INFORMATION SHOWN:
--- START ---
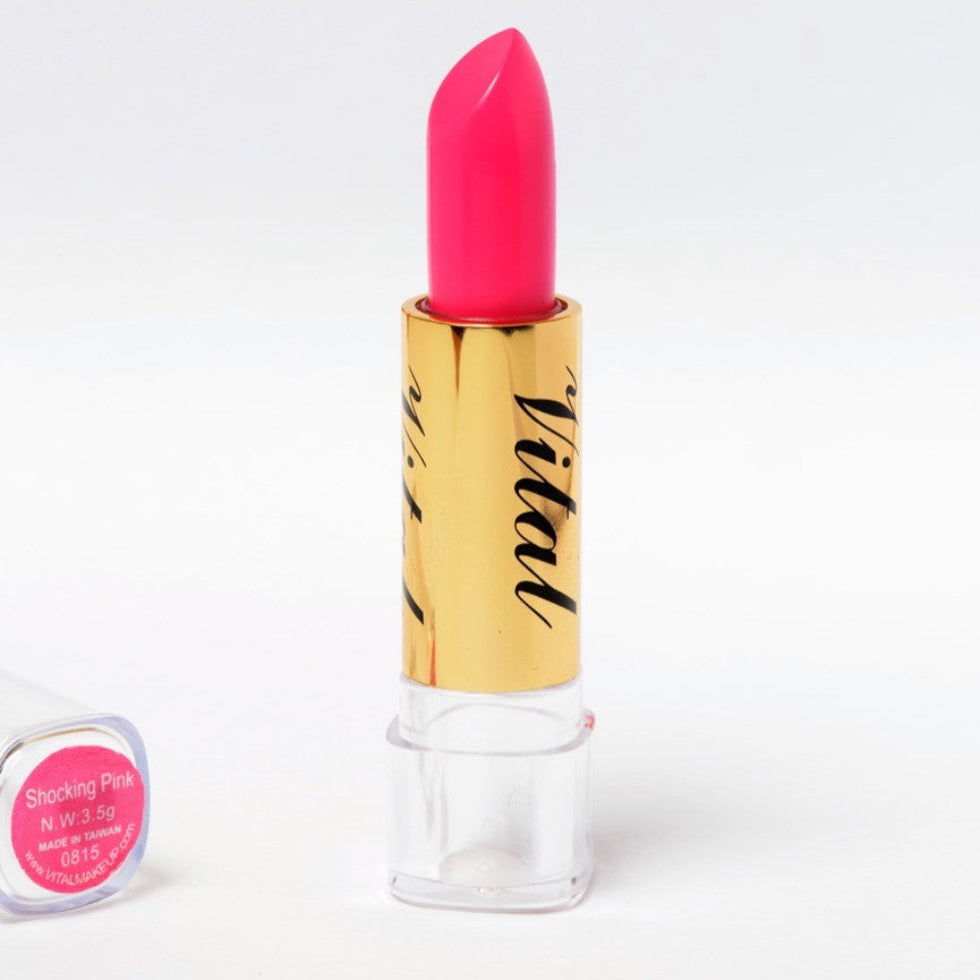 vital long lasting lipstick shocking pink creamy matte bold pink lip colour vibrant smooth comfortable long wear makeup product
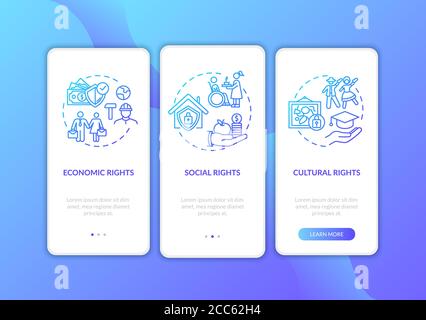 Menschenrechtsgruppen Onboarding mobile App Seite Bildschirm mit Konzepten Stock Vektor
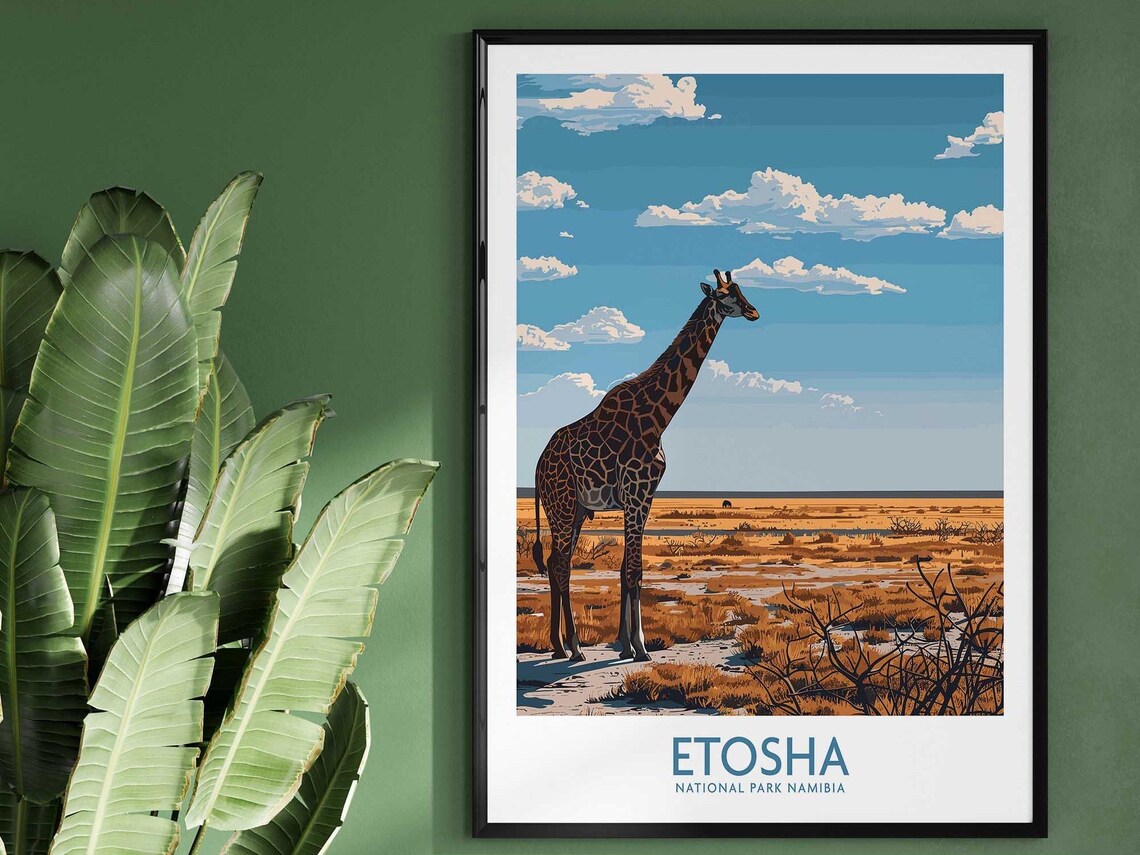 Etosha National Park Namibia Giraffe Savanna Vintage Travel Poster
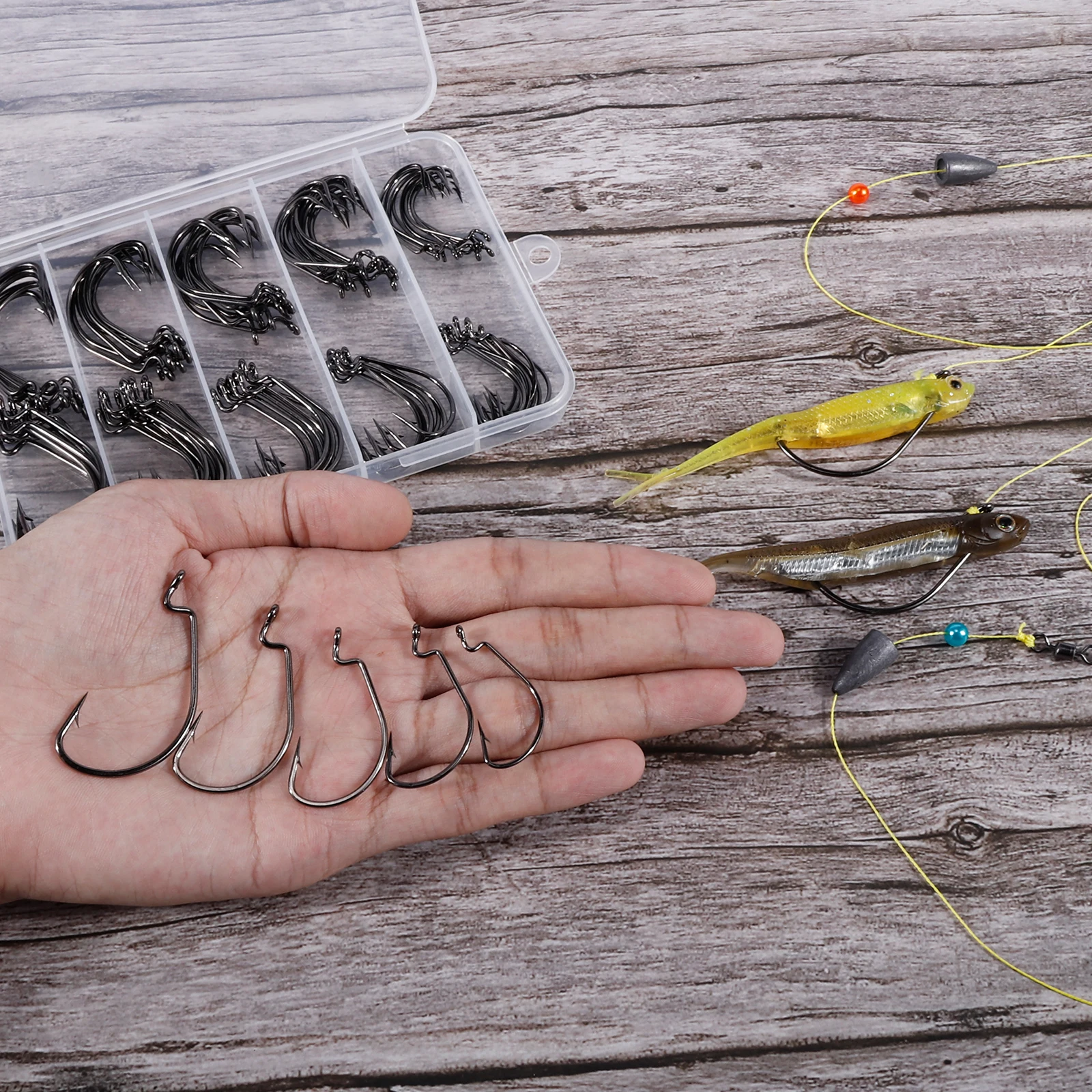 100 Uds EWG gancho pesca de lubina anzuelos de gusano Kit Extra ancho espacio 2X fuerte para señuelo suave Texas Rig Drop Shot Carolina Rig agua salada - imagen 2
--- END ---
PROBLEM TO SOLVE: Up to and including the line containing "Etosha National Park", repeat every line from the start of the data, but none of the pictures.

REPLY TO THE TASK:
 vital long lasting lipstick shocking pink creamy matte bold pink lip colour vibrant smooth comfortable long wear makeup product
 Menschenrechtsgruppen Onboarding mobile App Seite Bildschirm mit Konzepten Stock Vektor
 Etosha National Park Namibia Giraffe Savanna Vintage Travel Poster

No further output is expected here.